Lev Gleason, who formed the company that published Daredevil,Boy Comics, and Crime Does Not Pay, was one of the original comic book men. Gleason had been involved with Maxwell C. Gaines and Louis Silberkleit in the very early comic book business. Gleason was the first editor of Tip-Top Comics beginning in 1936. He later got financial backing to start his own comic book publishing business, and named it after himself.*

I believe Gleason did a brilliant thing: he hired Charles Biro and Bob Wood as his editorial team, which put his small list of titles among the top sellers all through the 1940s. Biro had a knack for the sort of attention-getting devices in comics. He created a costumed character called Crimebuster by putting a hockey uniform and cape on a boy, Chuck Chandler, who has plenty of smarts and moxie, but no superhero powers. Because of the strong and dramatic storytelling that character sold comic books throughout the 1940s, and only ended when Gleason closed his company in 1956.

“Crimebuster in the Touch of the Leper” is an anti-Nazi story from Boy Comics #5 (1942). I love the design elements of the splash page. Uncle Sam, the Nazi swastika standing in for the “s” in sabotage, all eye candy for the newsstand looky-loos to induce them to part with a dime.**

*You can read a fascinating 2010 article from The Comics Journal written by Gleason’s nephew. It tells a lot about the publisher and his left-leaning political philosophy.

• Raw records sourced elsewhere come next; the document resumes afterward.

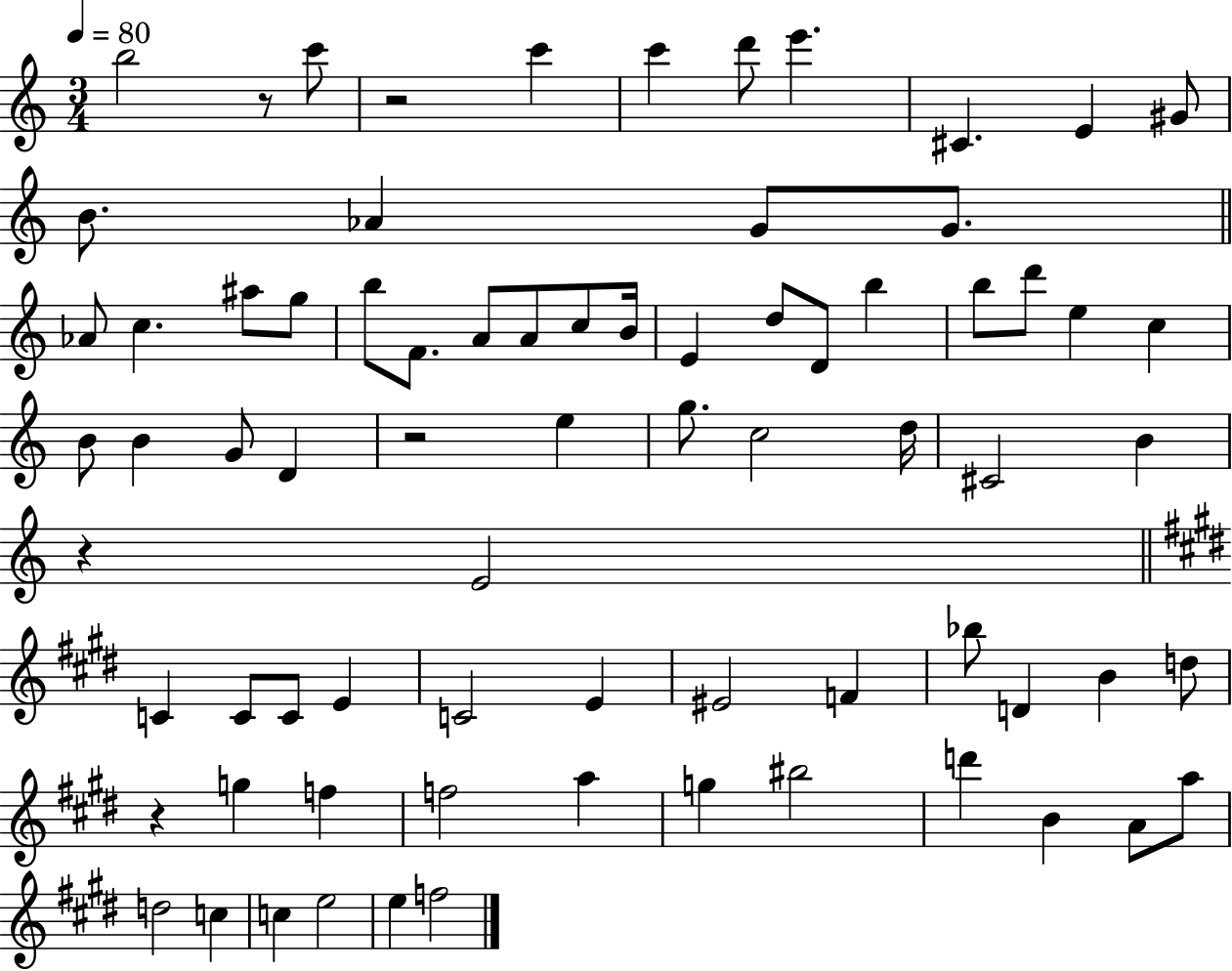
{
  \clef treble
  \numericTimeSignature
  \time 3/4
  \key c \major
  \tempo 4 = 80
  b''2 r8 c'''8 | r2 c'''4 | c'''4 d'''8 e'''4. | cis'4. e'4 gis'8 | \break b'8. aes'4 g'8 g'8. | \bar "||" \break \key c \major aes'8 c''4. ais''8 g''8 | b''8 f'8. a'8 a'8 c''8 b'16 | e'4 d''8 d'8 b''4 | b''8 d'''8 e''4 c''4 | \break b'8 b'4 g'8 d'4 | r2 e''4 | g''8. c''2 d''16 | cis'2 b'4 | \break r4 e'2 | \bar "||" \break \key e \major c'4 c'8 c'8 e'4 | c'2 e'4 | eis'2 f'4 | bes''8 d'4 b'4 d''8 | \break r4 g''4 f''4 | f''2 a''4 | g''4 bis''2 | d'''4 b'4 a'8 a''8 | \break d''2 c''4 | c''4 e''2 | e''4 f''2 | \bar "|."
}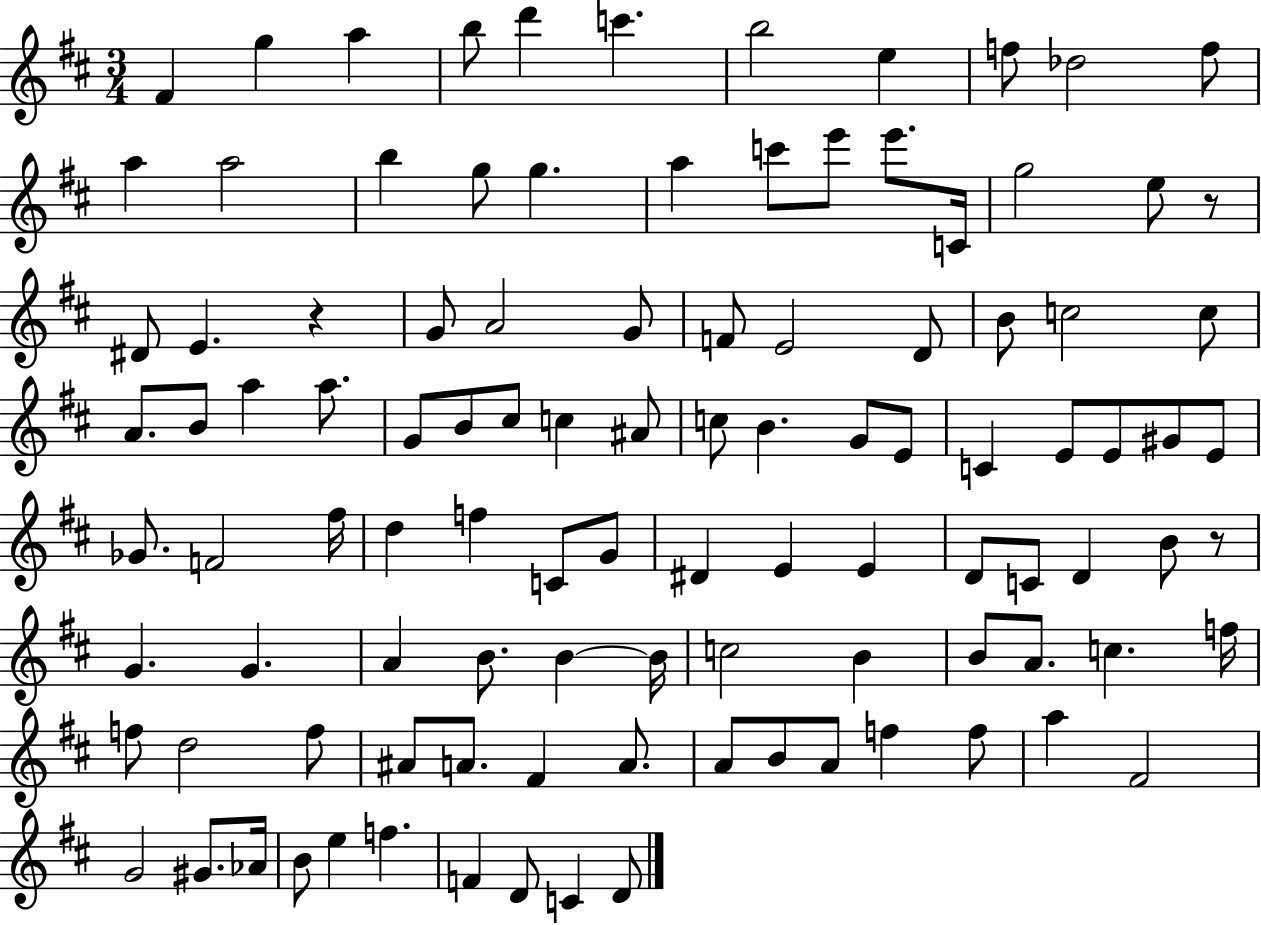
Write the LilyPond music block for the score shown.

{
  \clef treble
  \numericTimeSignature
  \time 3/4
  \key d \major
  fis'4 g''4 a''4 | b''8 d'''4 c'''4. | b''2 e''4 | f''8 des''2 f''8 | \break a''4 a''2 | b''4 g''8 g''4. | a''4 c'''8 e'''8 e'''8. c'16 | g''2 e''8 r8 | \break dis'8 e'4. r4 | g'8 a'2 g'8 | f'8 e'2 d'8 | b'8 c''2 c''8 | \break a'8. b'8 a''4 a''8. | g'8 b'8 cis''8 c''4 ais'8 | c''8 b'4. g'8 e'8 | c'4 e'8 e'8 gis'8 e'8 | \break ges'8. f'2 fis''16 | d''4 f''4 c'8 g'8 | dis'4 e'4 e'4 | d'8 c'8 d'4 b'8 r8 | \break g'4. g'4. | a'4 b'8. b'4~~ b'16 | c''2 b'4 | b'8 a'8. c''4. f''16 | \break f''8 d''2 f''8 | ais'8 a'8. fis'4 a'8. | a'8 b'8 a'8 f''4 f''8 | a''4 fis'2 | \break g'2 gis'8. aes'16 | b'8 e''4 f''4. | f'4 d'8 c'4 d'8 | \bar "|."
}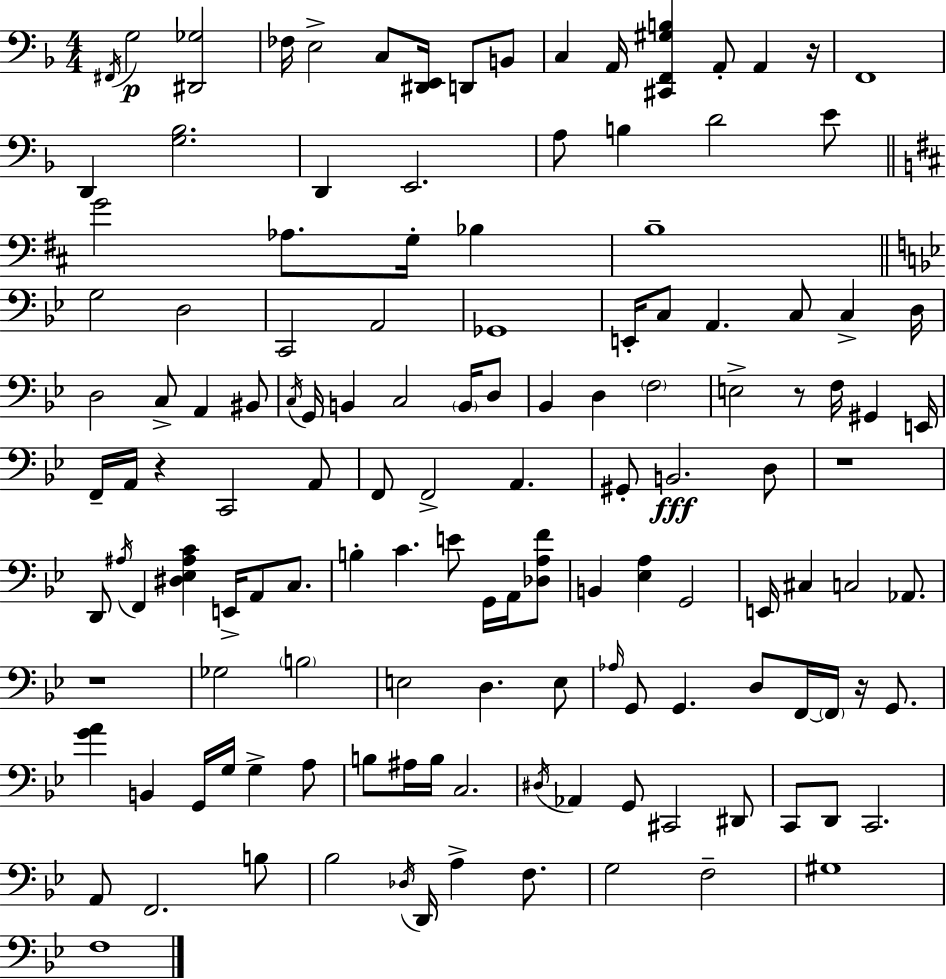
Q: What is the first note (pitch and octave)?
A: F#2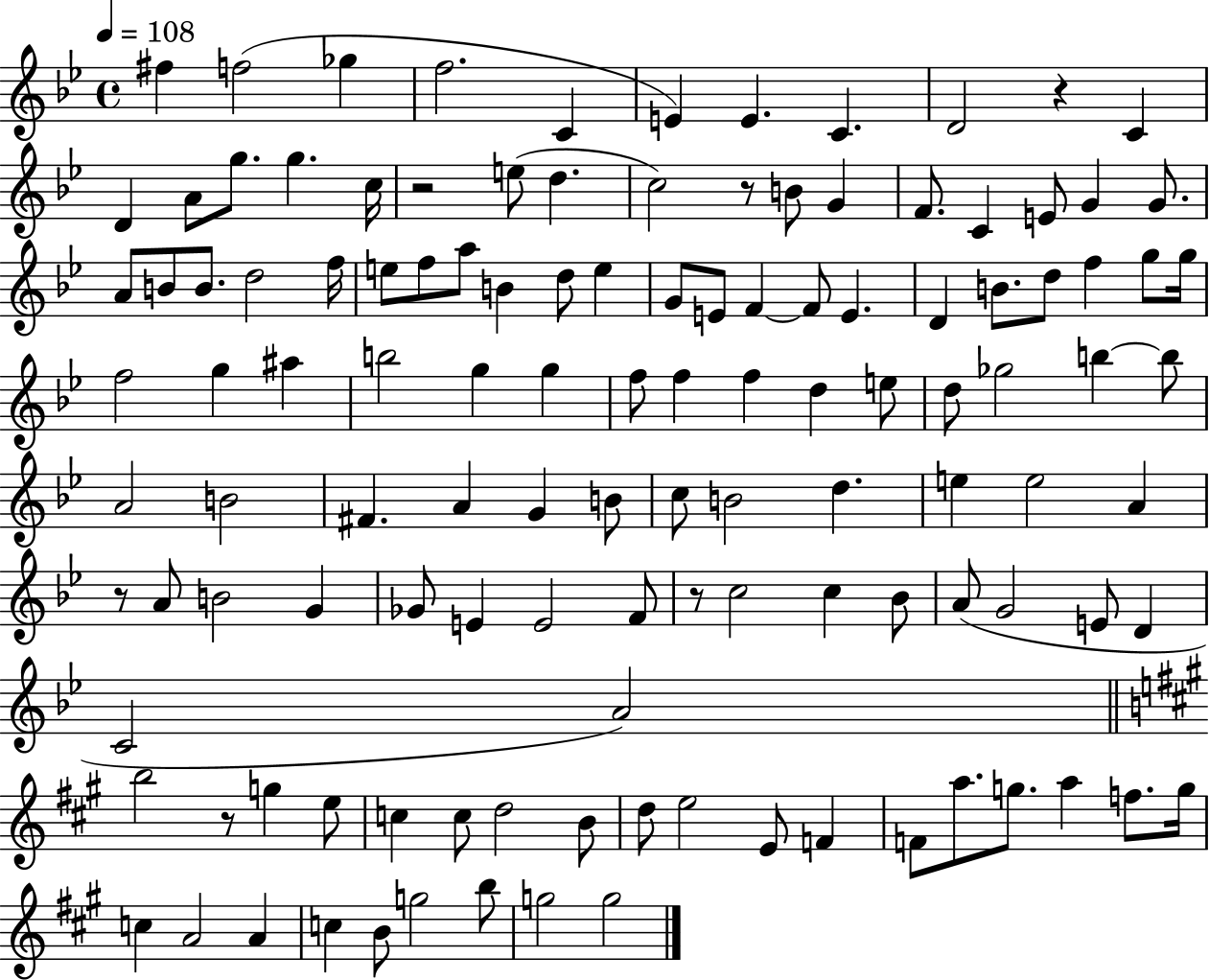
F#5/q F5/h Gb5/q F5/h. C4/q E4/q E4/q. C4/q. D4/h R/q C4/q D4/q A4/e G5/e. G5/q. C5/s R/h E5/e D5/q. C5/h R/e B4/e G4/q F4/e. C4/q E4/e G4/q G4/e. A4/e B4/e B4/e. D5/h F5/s E5/e F5/e A5/e B4/q D5/e E5/q G4/e E4/e F4/q F4/e E4/q. D4/q B4/e. D5/e F5/q G5/e G5/s F5/h G5/q A#5/q B5/h G5/q G5/q F5/e F5/q F5/q D5/q E5/e D5/e Gb5/h B5/q B5/e A4/h B4/h F#4/q. A4/q G4/q B4/e C5/e B4/h D5/q. E5/q E5/h A4/q R/e A4/e B4/h G4/q Gb4/e E4/q E4/h F4/e R/e C5/h C5/q Bb4/e A4/e G4/h E4/e D4/q C4/h A4/h B5/h R/e G5/q E5/e C5/q C5/e D5/h B4/e D5/e E5/h E4/e F4/q F4/e A5/e. G5/e. A5/q F5/e. G5/s C5/q A4/h A4/q C5/q B4/e G5/h B5/e G5/h G5/h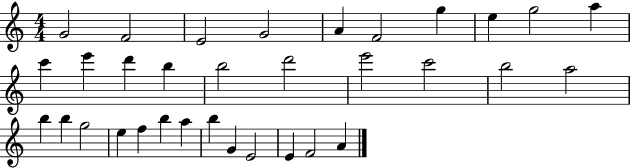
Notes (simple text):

G4/h F4/h E4/h G4/h A4/q F4/h G5/q E5/q G5/h A5/q C6/q E6/q D6/q B5/q B5/h D6/h E6/h C6/h B5/h A5/h B5/q B5/q G5/h E5/q F5/q B5/q A5/q B5/q G4/q E4/h E4/q F4/h A4/q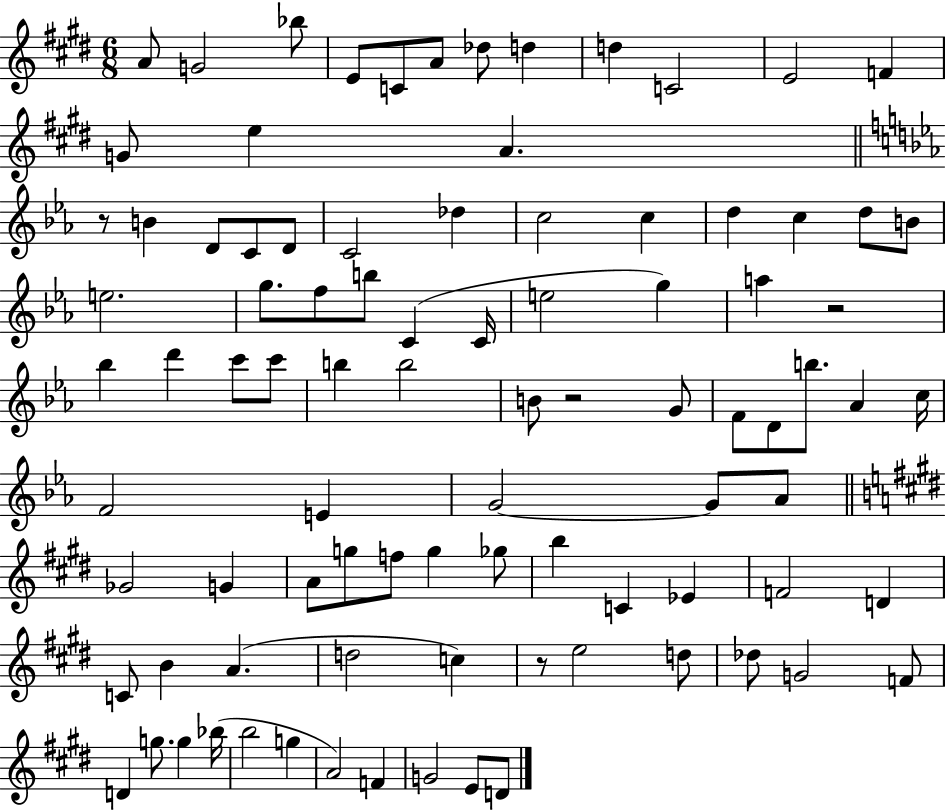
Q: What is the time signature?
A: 6/8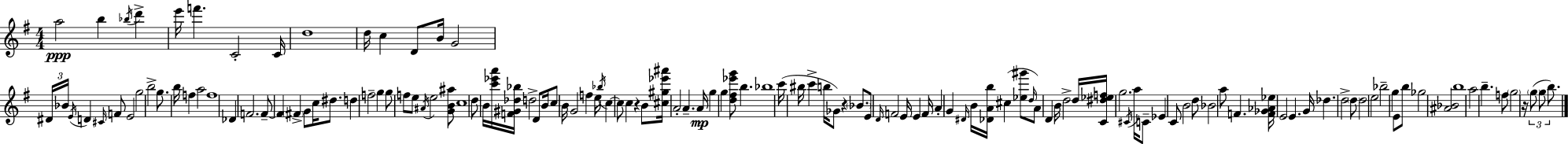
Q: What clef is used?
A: treble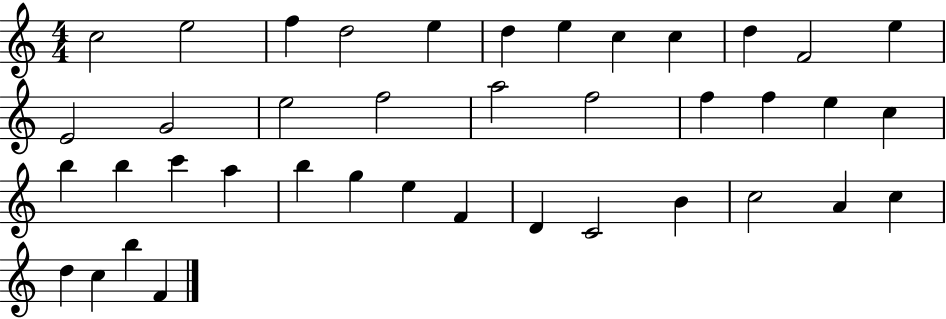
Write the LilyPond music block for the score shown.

{
  \clef treble
  \numericTimeSignature
  \time 4/4
  \key c \major
  c''2 e''2 | f''4 d''2 e''4 | d''4 e''4 c''4 c''4 | d''4 f'2 e''4 | \break e'2 g'2 | e''2 f''2 | a''2 f''2 | f''4 f''4 e''4 c''4 | \break b''4 b''4 c'''4 a''4 | b''4 g''4 e''4 f'4 | d'4 c'2 b'4 | c''2 a'4 c''4 | \break d''4 c''4 b''4 f'4 | \bar "|."
}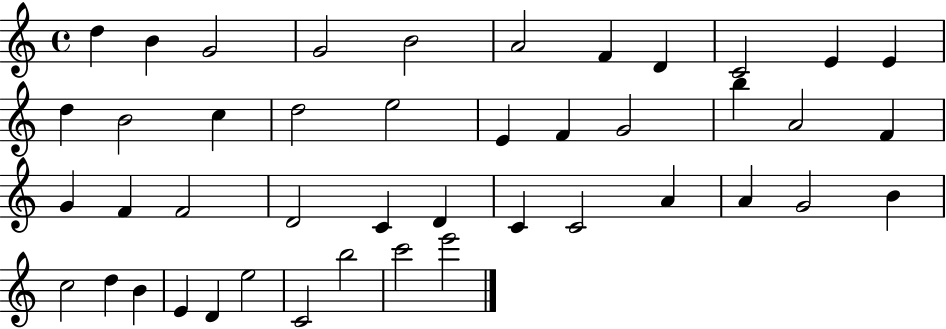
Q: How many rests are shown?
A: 0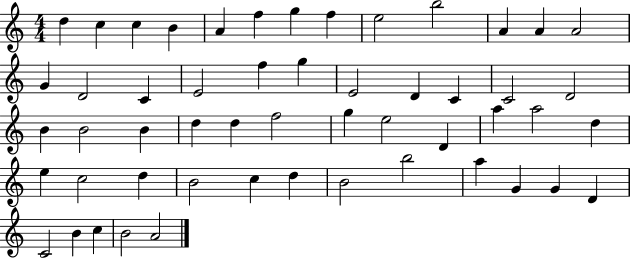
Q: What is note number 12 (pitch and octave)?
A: A4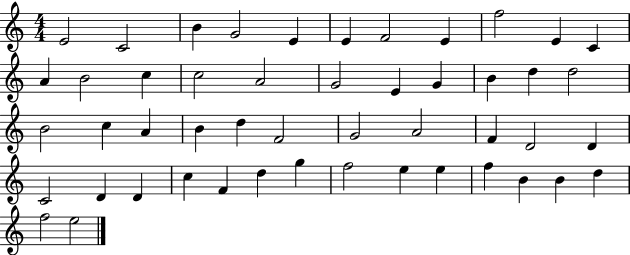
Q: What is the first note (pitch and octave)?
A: E4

**Another trick to get the dimes from kids was the continued story. I am sorry to keep you folks hanging. When you get to the end you will find Crimebuster confronted by gorgeous blonde twins, and the promise of Iron Jaw for the next issue. I don’t have that issue, but you can read Boy Comics #6 at the Digital Comics Museum. Unfortunately for me, it is a fiche copy, and I have enough troubles with my aging eyeballs without trying to read a fiche.


Brian Barnes said...

The dialog is ... as the kids say, not me ... wack (I'm hip.) There's a couple places where there's missing dialog between panels. It's just weird; it doesn't need to be there, you can just re-arrange the dialog a bit to fix the problem. But I guess editing wasn't all that important for the concept of disposable comics.

I love the little blurbs on the bottom, Marvel was doing that all the way up until the 70s at least, it was always fun to get to the bottom of the page and see very Stan Lee-ish (but obviously written by staff) stuff like "The Thing finally meets his match ... it's the wrecker!" etc, etc.

Pappy said...

Brian, putting those messages at the bottom was a cheap way to get in a plug. In Guns Against Gangsters, edited by L.B. Cole there were bottom-of-the-page messages including my favorite from issue #6: "Evil men appear in these stories, but 'they get what's coming to them.'" I think that was to assuage a parent or a critic of crime comics that this crime comic was okay. I don't think anyone was fooled.